Right before I began this post, I watched Alice Barr, Cheryl Oakes and Bob Sprankle in their K12 Online presentation “How Can I Become Part of this ReadWriteWeb Revolution?” Boy, did I hear the old music and see the new steps! There they are – three educators who are familiar with the tools – making the transition from “knowing to doing” and urging us all to START DOING NOW. So, given their inspiration, I put down the remote control (leaving McCain and Obama to fend for themselves) to DO SOMETHING. This blog is a very small part. But...I'm not through. "I won’t stop trying (step, step) till I create a disturbance (shrug, shrug) in your mind (tap, shuffle, bow)!”


  1. Hi Beth,

    I really like your focus on 'disturbance' as it suggests discomfort. I think REAL learning is inherently uncomfortable because it challenges us to both think and act in new ways.

    Like a pebble being dropped in a pond, I think the 'disturbance' is most noted with those nearest you (or should I say those in your network? Since physical proximity no longer matters). As the ripple moves away from you, your influence may be smaller, but there is no telling who else you will inspire to throw their own pebble... or as you say, 'DO SOMETHING'!

    Thanks for making a splash! ;-)

  2. fantastic post Beth. I can't agree more with the tools. In fact, I promote the idea of using two core components - reflective writing and digital story telling. Projects I design for teachers, and PD I run, allows them to learn about and use just 3 from the hundreds. We have to start with the end in mind, and strategically evaluate which tool could be used to reach that goal. Students have to determine how that tool will work best for them, so really, the teacher is making sure kids pass through knowledge 'gates' - and reflect what that will mean to their overall learning.
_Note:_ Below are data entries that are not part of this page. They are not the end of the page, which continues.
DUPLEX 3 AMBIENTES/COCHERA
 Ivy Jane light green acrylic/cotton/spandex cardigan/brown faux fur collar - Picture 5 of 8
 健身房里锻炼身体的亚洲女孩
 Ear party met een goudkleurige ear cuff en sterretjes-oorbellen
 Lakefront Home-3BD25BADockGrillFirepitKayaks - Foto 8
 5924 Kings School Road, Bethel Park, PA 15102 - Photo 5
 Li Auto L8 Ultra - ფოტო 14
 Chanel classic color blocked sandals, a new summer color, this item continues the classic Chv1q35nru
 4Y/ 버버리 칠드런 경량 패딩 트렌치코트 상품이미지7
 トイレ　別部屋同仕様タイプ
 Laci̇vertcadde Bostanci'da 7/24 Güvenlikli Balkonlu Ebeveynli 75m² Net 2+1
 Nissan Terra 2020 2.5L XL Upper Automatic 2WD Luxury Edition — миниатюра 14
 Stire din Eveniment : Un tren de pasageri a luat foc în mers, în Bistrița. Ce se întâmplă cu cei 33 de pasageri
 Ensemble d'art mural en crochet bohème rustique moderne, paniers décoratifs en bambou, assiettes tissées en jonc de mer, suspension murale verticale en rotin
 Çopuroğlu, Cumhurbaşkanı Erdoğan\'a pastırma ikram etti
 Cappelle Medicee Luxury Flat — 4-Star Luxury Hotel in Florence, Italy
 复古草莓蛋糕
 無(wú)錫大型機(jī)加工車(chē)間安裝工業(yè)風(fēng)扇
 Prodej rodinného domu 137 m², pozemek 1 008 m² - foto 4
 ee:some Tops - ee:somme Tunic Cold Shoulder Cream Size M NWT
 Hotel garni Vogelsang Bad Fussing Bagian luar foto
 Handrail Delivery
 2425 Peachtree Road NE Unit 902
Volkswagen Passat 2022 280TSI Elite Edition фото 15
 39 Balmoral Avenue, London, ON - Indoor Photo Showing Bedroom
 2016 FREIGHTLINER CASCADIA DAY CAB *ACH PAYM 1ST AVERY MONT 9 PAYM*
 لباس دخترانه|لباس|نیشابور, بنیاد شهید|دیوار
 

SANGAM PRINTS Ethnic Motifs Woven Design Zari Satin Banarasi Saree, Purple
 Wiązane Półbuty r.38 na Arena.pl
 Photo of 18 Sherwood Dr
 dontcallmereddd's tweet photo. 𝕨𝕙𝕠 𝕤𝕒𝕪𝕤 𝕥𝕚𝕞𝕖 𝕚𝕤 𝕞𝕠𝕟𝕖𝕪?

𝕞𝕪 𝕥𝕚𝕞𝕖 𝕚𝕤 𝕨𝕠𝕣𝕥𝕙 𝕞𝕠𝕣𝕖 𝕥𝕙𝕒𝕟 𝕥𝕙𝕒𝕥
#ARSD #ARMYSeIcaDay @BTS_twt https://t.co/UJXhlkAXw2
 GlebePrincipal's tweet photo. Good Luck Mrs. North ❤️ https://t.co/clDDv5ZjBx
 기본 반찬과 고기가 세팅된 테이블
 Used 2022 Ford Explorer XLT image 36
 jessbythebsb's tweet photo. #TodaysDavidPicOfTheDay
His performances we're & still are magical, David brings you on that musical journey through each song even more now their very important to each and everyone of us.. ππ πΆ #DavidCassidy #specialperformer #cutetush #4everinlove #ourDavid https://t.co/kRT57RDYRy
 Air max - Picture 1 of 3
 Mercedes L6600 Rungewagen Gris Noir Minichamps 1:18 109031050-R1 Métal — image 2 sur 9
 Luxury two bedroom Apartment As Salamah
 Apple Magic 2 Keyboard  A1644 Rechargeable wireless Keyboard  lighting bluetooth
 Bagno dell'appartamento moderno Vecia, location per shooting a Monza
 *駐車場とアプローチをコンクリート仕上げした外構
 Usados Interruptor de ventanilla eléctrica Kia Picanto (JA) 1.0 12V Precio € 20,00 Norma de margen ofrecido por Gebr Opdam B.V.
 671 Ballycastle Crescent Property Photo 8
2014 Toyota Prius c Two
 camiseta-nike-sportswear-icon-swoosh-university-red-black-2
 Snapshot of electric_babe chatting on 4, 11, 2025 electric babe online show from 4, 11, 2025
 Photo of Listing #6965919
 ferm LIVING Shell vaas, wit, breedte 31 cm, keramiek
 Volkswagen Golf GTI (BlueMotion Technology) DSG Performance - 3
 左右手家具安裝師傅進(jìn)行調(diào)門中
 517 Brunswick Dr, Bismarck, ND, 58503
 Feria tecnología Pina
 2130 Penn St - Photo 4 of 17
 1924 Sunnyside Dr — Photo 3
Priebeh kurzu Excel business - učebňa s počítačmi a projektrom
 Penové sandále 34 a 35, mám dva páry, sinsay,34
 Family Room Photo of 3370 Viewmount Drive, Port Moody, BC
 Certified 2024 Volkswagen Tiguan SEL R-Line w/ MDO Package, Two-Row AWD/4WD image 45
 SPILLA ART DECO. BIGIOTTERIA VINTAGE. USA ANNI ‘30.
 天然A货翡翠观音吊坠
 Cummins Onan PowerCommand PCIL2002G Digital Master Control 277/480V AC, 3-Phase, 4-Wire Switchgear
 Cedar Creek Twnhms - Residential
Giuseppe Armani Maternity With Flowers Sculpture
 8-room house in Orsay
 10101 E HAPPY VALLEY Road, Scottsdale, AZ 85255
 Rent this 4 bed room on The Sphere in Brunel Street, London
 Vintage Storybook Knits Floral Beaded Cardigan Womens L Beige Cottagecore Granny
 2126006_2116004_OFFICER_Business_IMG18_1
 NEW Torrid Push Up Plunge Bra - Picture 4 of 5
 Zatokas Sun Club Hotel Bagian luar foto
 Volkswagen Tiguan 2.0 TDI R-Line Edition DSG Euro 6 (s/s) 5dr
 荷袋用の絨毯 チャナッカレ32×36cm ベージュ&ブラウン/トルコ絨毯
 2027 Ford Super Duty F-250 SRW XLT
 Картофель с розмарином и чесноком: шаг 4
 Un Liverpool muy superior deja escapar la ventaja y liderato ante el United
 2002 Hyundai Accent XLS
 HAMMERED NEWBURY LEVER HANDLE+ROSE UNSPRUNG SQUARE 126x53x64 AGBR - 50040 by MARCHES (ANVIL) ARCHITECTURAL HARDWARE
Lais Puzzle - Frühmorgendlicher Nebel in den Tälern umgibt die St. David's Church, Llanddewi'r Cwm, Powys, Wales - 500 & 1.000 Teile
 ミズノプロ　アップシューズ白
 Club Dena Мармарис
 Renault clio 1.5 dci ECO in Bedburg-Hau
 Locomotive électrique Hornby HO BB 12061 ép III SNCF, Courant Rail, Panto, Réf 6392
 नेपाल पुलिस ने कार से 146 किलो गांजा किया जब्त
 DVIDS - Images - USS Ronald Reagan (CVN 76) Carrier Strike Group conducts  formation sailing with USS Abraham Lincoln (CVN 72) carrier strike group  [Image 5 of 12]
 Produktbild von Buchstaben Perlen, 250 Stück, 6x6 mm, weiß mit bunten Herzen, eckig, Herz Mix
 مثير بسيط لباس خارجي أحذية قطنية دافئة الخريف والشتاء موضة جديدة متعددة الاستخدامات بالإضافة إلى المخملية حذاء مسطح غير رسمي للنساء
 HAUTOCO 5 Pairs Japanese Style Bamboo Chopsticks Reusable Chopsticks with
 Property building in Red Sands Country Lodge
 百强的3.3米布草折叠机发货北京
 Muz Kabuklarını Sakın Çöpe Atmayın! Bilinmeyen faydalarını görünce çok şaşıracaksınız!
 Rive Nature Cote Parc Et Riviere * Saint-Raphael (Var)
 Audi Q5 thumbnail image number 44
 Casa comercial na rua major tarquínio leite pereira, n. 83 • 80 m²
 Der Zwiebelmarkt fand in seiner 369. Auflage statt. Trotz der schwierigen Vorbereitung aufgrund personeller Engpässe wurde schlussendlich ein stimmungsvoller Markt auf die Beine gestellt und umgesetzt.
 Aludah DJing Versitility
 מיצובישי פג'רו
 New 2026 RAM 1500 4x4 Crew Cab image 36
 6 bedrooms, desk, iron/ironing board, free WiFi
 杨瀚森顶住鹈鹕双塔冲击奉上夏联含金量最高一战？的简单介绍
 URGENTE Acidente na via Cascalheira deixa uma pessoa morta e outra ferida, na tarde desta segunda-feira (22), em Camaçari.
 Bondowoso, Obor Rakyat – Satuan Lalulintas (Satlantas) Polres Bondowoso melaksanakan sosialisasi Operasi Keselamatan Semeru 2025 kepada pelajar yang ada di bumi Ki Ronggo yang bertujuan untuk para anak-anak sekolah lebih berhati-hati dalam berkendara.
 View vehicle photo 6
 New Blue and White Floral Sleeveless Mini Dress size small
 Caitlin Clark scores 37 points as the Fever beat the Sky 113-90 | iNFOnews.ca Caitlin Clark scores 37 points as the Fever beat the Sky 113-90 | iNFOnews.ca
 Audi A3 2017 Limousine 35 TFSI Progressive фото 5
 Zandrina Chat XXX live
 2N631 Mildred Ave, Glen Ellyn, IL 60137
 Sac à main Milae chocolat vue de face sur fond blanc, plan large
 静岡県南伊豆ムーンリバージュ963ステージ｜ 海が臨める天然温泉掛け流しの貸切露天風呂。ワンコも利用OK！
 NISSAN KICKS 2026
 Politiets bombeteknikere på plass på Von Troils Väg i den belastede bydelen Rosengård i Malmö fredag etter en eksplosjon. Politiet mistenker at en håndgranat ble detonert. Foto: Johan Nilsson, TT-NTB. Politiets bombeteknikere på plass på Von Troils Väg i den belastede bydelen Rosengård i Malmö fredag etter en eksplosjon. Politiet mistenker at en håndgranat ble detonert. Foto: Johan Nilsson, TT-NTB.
    I love the parts you've pulled out. k12 is not time zone friendly for me, so reading this is fantastic.

  3. Beth,
    This is a wonderful post! I've really enjoyed reading this and I've added you to my reader as I'd love to continue reading you.

    And that's just it ... all this stuff, it's not about the specific tools at all ... the tools just allow me to get to places like this, to meet writers and thinkers like you. For my students, sometimes it just takes one video, one blogpost, one comment ... and they're hooked ... not on the tool, but on the connection.

    I am looking forward to connecting in the future ... all the best!

  4. Dave, Dean, and Alec,
    I was in a school lately that adopted the motto "Whatever it takes!" as the inspiration for 21st century service to students. Your comments remind me that "WHATEVER" includes a "ripple" of disturbance, a plan to guide teachers toward tools for DOING, and an infrastructure for connecting learners to the global education community. Thank you so much for your insightful comments!

  5. Hi, Beth,
    the KNOWING-DOING GAP is an exact description for the problem I have got with learning at German schools. Teacher training over here helps young teachers quite a lot in how to use 21st century teaching and learning, but when they are finally employed at a school, they get caught in the trap. Also, those teachers who want to apply new methods are caught in it, not to mention the students. There is always the tradition of methods and assessment methods which are pre-set by the school system. The German school system seems especially ineffective and inflexible. I would like to invite you to take a glimpse of it on http// and I would like to know how it compares to the one in your part of the world. I can only say that in every-day business, it is pretty hard to keep up learning with Web 2.0 tools - you see: I´m in the trap, too! But your ideas and support give me strength to rearrange learning processes in every-day business, and the next step would be helping some colleage out of the trap, as well, even if I don´t know how to do that, yet!

  6. I'm also adding you to my aggregator.